Songzhi Liu is a Professional Services Consultant with AWS
The data lake concept has become more and more popular among enterprise customers because it collects data from different sources and stores it where it can be easily combined, governed, and accessed.
On the AWS cloud, Amazon S3 is a good candidate for a data lake implementation, with large-scale data storage. Amazon EMR provides transparent scalability and seamless compatibility with many big data applications on Hadoop. However, no matter what kind of storage or processing is used, data must be defined.
In this post, I introduce a simple data ingestion and preparation framework based on AWS Lambda, Amazon DynamoDB, and Apache Hive on EMR for data from different sources landing in S3. This solution lets Hive pick up new partitions as data is loaded into S3 because Hive by itself cannot detect new partitions as data lands.
Hive is a great choice as it is a general data interfacing language thanks to its well-designed Metastore and other related projects like HCatalog. Many other Hadoop applications like Pig, Spark, and Presto, etc. can leverage the schemas defined in Hive.
Moreover, external tables make Hive a great data definition language to define the data coming from different sources on S3, such as streaming data from Amazon Kinesis, log files from Amazon CloudWatch and AWS CloudTrail, or data ingested using other Hadoop applications like Sqoop or Flume.

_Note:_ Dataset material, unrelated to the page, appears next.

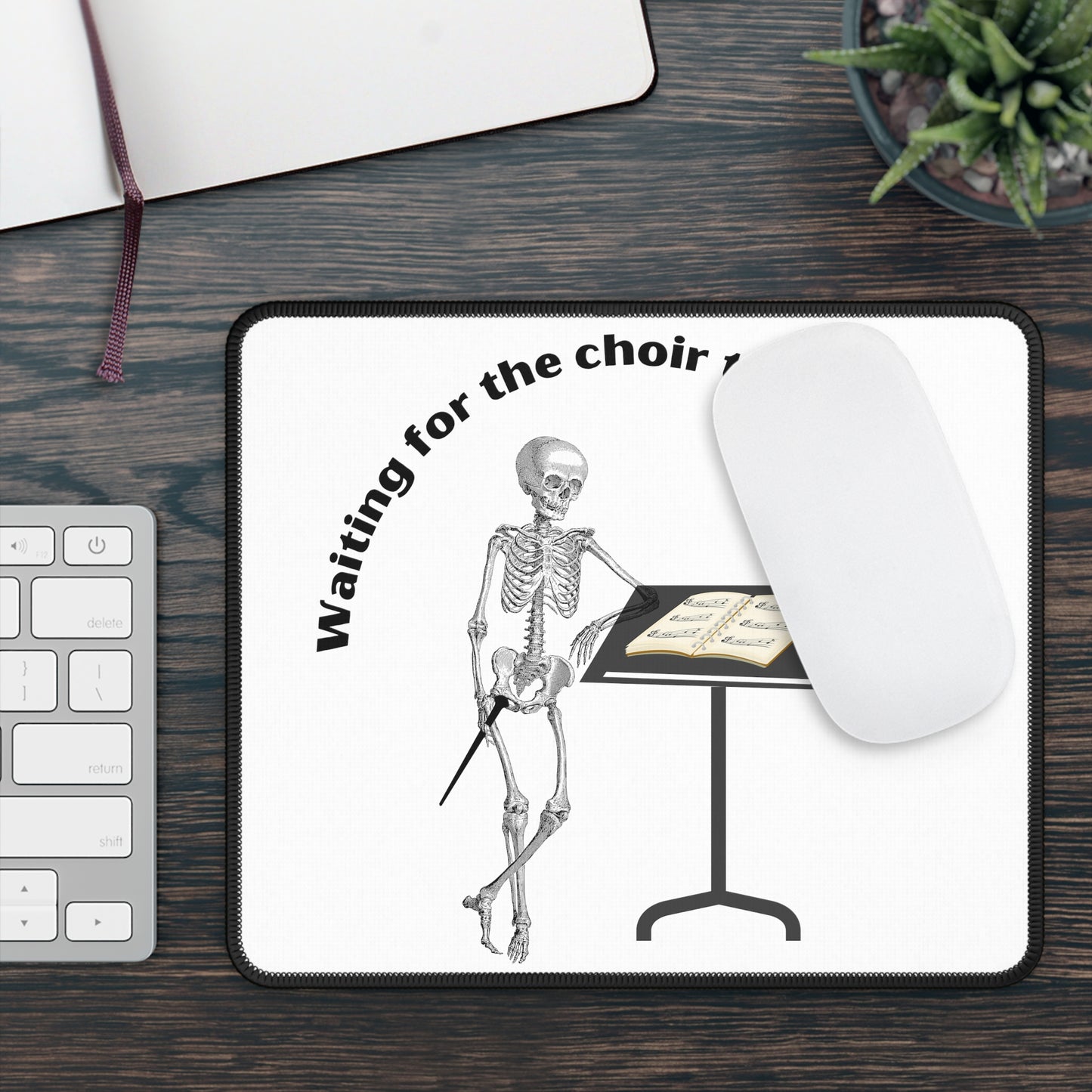 Waiting for the Choir Graphic Mouse Pad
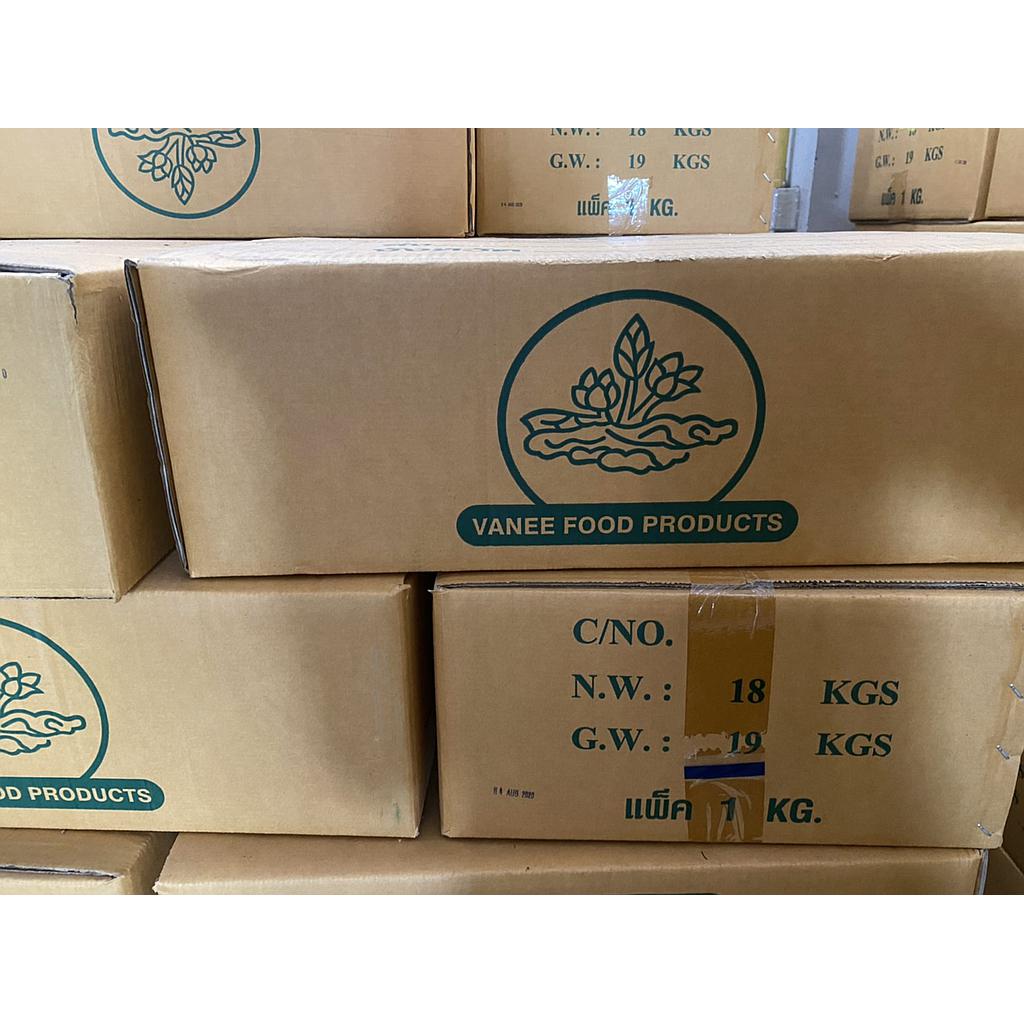ไข่มุกสีดำ 1 kg. 1 กล่องบรรจุ 18 ถุง  น้ำหนัก 18 kg.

To maximize the efficiency of data organization in Hive, you should leverage external tables and partitioning. By properly partitioning the data, you can largely reduce the amount of data needs to be retrieved and improve the efficiency during ETL or other types of analysis.
Solving the problem with AWS services
For many of the aforementioned services or applications, data is loaded periodically, as in one batch every 15 minutes. Because Hive external tables don’t pick up new partitions automatically, you need to update and add new partitions manually; this is difficult to manage at scale. A framework based on Lambda, DynamoDB, and S3 can assist with this challenge.
As data is ingested from different sources to S3, new partitions are added by this framework and become available in the predefined Hive external tables.